▶ **Dataset entries**
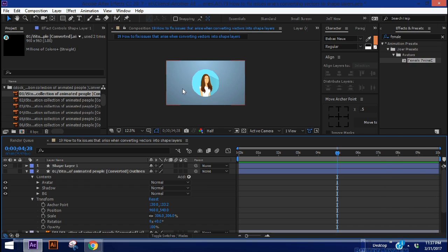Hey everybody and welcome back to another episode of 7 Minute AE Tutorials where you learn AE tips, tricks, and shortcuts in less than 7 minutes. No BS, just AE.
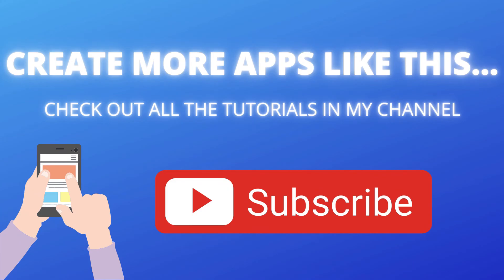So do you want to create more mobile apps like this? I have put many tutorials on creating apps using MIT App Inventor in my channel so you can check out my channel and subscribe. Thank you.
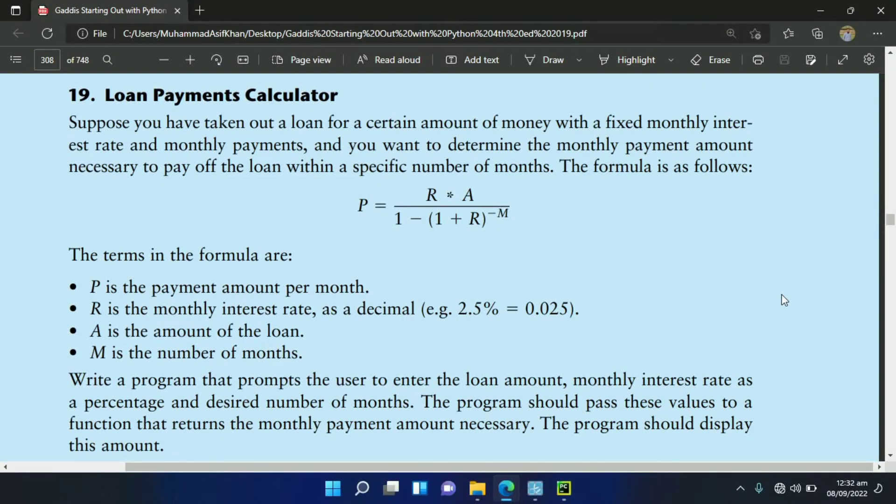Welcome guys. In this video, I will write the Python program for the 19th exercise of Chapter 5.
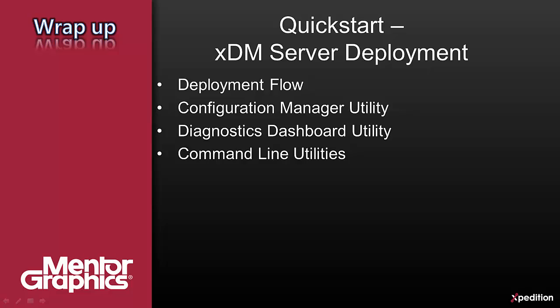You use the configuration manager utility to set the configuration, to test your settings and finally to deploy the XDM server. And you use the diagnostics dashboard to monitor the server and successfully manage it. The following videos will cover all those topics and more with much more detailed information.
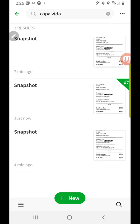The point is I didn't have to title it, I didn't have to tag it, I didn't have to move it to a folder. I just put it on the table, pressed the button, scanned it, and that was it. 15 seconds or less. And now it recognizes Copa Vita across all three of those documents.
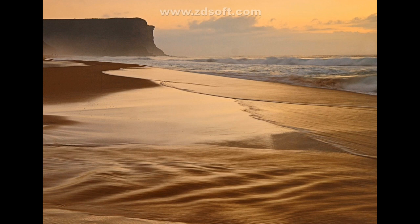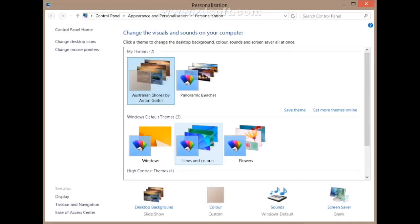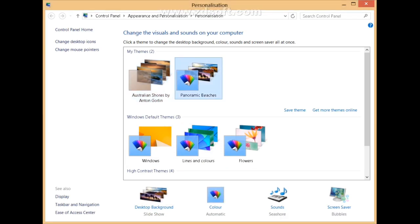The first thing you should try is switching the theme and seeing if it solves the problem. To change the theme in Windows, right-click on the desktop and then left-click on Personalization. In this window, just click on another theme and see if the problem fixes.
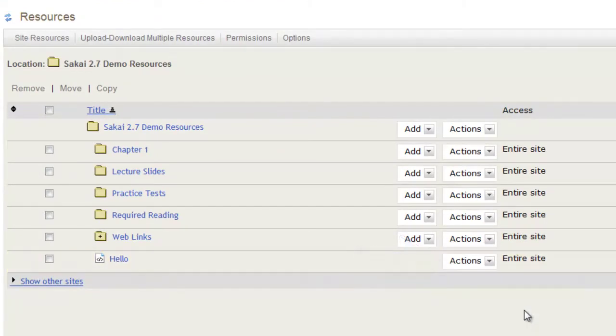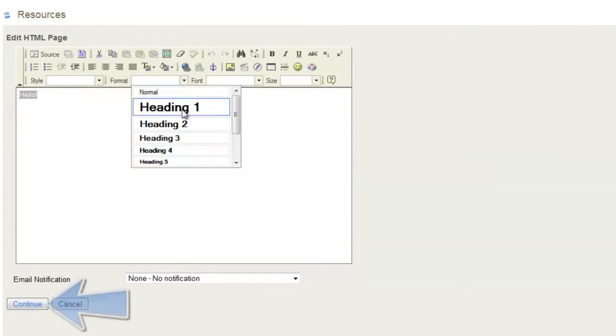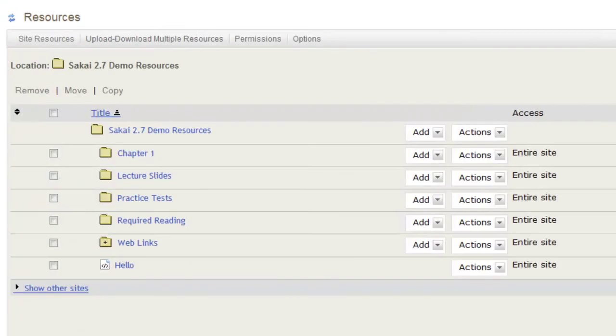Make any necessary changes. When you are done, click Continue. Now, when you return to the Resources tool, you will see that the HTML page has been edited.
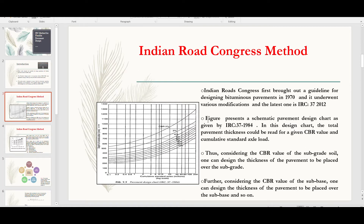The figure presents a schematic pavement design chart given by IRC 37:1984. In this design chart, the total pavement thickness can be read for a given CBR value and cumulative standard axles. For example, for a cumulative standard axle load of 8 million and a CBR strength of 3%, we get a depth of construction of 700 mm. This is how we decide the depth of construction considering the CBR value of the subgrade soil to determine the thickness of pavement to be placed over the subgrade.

▶ **REQUIREMENT**
All entries must come back exactly as written, though without their pictures.

▶ **TASK ANSWER**
Hey everybody and welcome back to another episode of 7 Minute AE Tutorials where you learn AE tips, tricks, and shortcuts in less than 7 minutes. No BS, just AE.
So do you want to create more mobile apps like this? I have put many tutorials on creating apps using MIT App Inventor in my channel so you can check out my channel and subscribe. Thank you.
Welcome guys. In this video, I will write the Python program for the 19th exercise of Chapter 5.
You use the configuration manager utility to set the configuration, to test your settings and finally to deploy the XDM server. And you use the diagnostics dashboard to monitor the server and successfully manage it. The following videos will cover all those topics and more with much more detailed information.
The point is I didn't have to title it, I didn't have to tag it, I didn't have to move it to a folder. I just put it on the table, pressed the button, scanned it, and that was it. 15 seconds or less. And now it recognizes Copa Vita across all three of those documents.
The first thing you should try is switching the theme and seeing if it solves the problem. To change the theme in Windows, right-click on the desktop and then left-click on Personalization. In this window, just click on another theme and see if the problem fixes.
Make any necessary changes. When you are done, click Continue. Now, when you return to the Resources tool, you will see that the HTML page has been edited.
The figure presents a schematic pavement design chart given by IRC 37:1984. In this design chart, the total pavement thickness can be read for a given CBR value and cumulative standard axles. For example, for a cumulative standard axle load of 8 million and a CBR strength of 3%, we get a depth of construction of 700 mm. This is how we decide the depth of construction considering the CBR value of the subgrade soil to determine the thickness of pavement to be placed over the subgrade.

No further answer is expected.